In an age of zero-trust security, enterprises are looking to secure individual virtual machines (VMs) in their on-premise data centres, cloud or hybrid environments to prevent increasingly sophisticated attacks. The problem is that firewalling individual VMs using tools like software appliance firewalls or Connection Tracking (Conntrack) is operationally challenging to manage. It delivers bad performance, restricting VM mobility and consuming many CPU cycles on servers, which limits their ability to process applications and workloads.
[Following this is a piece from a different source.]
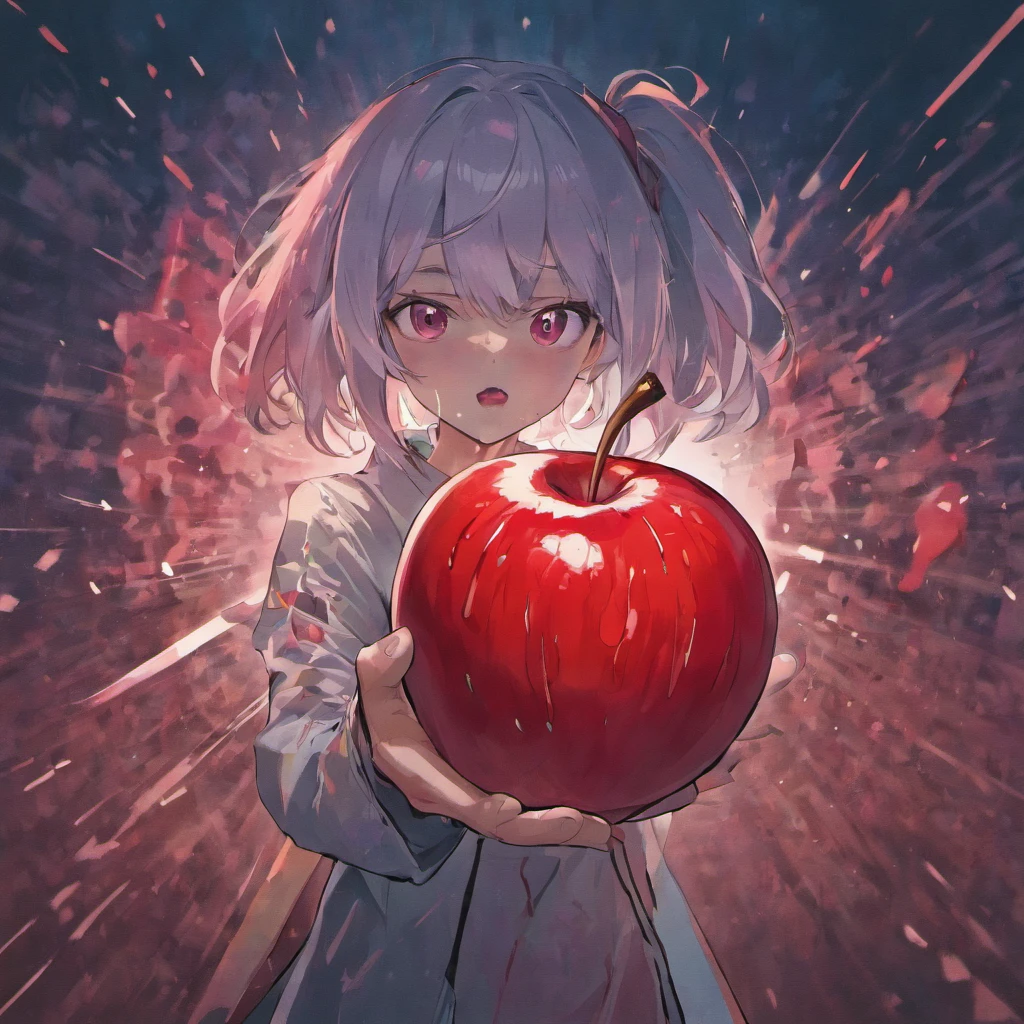 only a red apple no human just a apple with a knife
As the need for VM security grows, IT managers end up spending on more and more servers, most of which are tied up with security processing rather than application processing. In this article, we will look at zero-trust security and how best to implement it in data centres.
About zero-trust security
Forrester Research first introduced the Zero-Trust Model for Cybersecurity in its 2013 NIST paper, “Developing a Framework to Improve Critical Infrastructure Cybersecurity.” In this model, all network traffic is untrusted, whether it comes from within the enterprise network or from outside the network. Before this model there was the concept of a trusted network (usually the data center network or enterprise LAN), and an untrusted network (essentially outside the data center or enterprise LAN). Typically, the trust was enforced by a perimeter security mechanism (Figure 1a).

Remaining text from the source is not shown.